Data records
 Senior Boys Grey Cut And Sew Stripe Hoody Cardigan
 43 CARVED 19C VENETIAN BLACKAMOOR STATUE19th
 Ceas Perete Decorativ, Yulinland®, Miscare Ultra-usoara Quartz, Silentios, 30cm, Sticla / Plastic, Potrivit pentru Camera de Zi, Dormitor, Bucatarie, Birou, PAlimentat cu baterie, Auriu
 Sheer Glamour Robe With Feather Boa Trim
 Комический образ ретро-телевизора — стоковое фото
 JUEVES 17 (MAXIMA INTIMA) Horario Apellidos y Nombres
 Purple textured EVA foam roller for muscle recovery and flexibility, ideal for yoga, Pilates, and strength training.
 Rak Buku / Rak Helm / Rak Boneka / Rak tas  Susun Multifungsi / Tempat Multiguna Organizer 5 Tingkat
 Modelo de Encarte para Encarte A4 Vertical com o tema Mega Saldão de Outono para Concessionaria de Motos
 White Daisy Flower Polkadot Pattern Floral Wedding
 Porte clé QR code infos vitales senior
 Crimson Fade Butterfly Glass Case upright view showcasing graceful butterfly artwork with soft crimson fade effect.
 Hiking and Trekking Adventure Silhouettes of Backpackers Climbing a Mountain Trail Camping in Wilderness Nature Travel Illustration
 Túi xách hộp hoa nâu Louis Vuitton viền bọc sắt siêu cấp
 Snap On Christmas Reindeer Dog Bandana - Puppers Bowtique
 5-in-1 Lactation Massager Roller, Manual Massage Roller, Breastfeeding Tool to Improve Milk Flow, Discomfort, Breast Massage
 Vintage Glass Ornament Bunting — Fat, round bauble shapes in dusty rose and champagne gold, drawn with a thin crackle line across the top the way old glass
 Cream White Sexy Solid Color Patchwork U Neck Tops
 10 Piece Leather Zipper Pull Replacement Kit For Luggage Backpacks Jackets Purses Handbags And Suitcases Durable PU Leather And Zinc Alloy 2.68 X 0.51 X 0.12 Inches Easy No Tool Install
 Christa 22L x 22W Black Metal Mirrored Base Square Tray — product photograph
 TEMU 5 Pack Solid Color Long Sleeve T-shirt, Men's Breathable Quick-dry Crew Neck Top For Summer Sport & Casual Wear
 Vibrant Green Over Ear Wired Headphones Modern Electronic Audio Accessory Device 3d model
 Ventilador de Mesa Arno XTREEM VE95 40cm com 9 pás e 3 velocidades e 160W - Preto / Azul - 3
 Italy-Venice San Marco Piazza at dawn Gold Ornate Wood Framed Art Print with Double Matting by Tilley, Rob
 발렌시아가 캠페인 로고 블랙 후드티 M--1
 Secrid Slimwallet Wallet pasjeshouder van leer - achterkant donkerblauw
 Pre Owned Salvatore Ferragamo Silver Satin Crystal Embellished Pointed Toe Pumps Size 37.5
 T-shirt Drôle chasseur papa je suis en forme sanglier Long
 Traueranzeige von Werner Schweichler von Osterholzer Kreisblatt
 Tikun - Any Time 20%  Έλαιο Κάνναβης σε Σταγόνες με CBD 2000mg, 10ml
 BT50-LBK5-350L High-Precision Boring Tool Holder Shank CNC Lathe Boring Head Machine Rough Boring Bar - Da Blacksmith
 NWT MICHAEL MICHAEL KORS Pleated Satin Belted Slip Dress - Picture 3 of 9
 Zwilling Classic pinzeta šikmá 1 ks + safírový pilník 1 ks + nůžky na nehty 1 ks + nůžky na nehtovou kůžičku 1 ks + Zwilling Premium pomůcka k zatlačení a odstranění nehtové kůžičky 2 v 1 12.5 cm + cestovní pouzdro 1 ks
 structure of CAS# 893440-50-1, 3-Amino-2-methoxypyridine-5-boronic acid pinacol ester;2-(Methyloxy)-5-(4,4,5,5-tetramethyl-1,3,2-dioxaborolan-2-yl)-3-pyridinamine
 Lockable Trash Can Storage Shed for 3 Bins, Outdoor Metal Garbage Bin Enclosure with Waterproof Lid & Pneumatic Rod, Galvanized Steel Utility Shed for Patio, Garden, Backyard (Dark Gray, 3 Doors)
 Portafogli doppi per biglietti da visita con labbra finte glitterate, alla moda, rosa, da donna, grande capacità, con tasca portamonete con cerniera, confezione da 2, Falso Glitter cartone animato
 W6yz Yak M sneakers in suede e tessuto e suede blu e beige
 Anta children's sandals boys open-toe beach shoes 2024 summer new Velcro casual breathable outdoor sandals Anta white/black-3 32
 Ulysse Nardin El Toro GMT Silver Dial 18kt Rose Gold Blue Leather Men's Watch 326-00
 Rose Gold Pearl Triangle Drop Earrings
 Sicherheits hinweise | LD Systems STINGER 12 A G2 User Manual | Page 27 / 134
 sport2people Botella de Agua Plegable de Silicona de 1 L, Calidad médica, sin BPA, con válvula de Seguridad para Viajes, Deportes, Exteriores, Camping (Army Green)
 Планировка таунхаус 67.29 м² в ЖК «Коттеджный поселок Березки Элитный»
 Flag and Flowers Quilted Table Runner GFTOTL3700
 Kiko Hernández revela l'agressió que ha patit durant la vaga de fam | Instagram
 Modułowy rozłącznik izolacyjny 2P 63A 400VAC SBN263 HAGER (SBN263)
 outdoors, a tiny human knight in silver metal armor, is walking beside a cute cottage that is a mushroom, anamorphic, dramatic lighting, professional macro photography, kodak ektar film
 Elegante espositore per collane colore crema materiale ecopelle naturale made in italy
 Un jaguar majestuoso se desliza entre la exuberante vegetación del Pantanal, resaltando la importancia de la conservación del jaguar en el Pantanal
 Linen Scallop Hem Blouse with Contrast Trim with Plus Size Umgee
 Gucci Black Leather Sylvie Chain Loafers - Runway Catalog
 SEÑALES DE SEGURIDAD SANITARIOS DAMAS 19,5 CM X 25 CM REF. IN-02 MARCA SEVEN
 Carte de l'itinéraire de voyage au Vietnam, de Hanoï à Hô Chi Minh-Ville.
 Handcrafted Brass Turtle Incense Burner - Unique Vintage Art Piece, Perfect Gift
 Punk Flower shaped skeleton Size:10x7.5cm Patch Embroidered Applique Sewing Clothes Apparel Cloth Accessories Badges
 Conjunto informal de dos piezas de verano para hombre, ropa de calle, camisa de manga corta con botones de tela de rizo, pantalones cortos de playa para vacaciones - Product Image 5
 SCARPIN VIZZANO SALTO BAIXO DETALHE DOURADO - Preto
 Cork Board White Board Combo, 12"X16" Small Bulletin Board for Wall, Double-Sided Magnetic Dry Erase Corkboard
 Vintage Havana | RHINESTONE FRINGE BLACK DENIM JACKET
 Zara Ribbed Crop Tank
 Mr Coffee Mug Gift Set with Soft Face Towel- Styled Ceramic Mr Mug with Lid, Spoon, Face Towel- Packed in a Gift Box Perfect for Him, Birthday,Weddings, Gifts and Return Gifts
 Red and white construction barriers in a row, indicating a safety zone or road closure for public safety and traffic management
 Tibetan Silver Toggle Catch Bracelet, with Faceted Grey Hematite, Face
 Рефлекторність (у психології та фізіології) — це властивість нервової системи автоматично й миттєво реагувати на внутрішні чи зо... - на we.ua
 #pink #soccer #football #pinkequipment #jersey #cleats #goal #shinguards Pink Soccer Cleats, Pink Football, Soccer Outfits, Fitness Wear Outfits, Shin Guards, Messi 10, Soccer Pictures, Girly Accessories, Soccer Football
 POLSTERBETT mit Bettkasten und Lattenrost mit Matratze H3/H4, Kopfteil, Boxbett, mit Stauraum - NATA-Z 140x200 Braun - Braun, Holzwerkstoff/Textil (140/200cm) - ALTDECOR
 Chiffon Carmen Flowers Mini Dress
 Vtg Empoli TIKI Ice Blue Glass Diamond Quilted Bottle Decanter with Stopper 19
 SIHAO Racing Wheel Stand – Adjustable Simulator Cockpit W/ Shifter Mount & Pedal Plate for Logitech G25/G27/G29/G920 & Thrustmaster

Exercise requirements
Search each line of the data above for "Piece", and copy the lines where it occurs.

Written answer
 10 Piece Leather Zipper Pull Replacement Kit For Luggage Backpacks Jackets Purses Handbags And Suitcases Durable PU Leather And Zinc Alloy 2.68 X 0.51 X 0.12 Inches Easy No Tool Install
 Handcrafted Brass Turtle Incense Burner - Unique Vintage Art Piece, Perfect Gift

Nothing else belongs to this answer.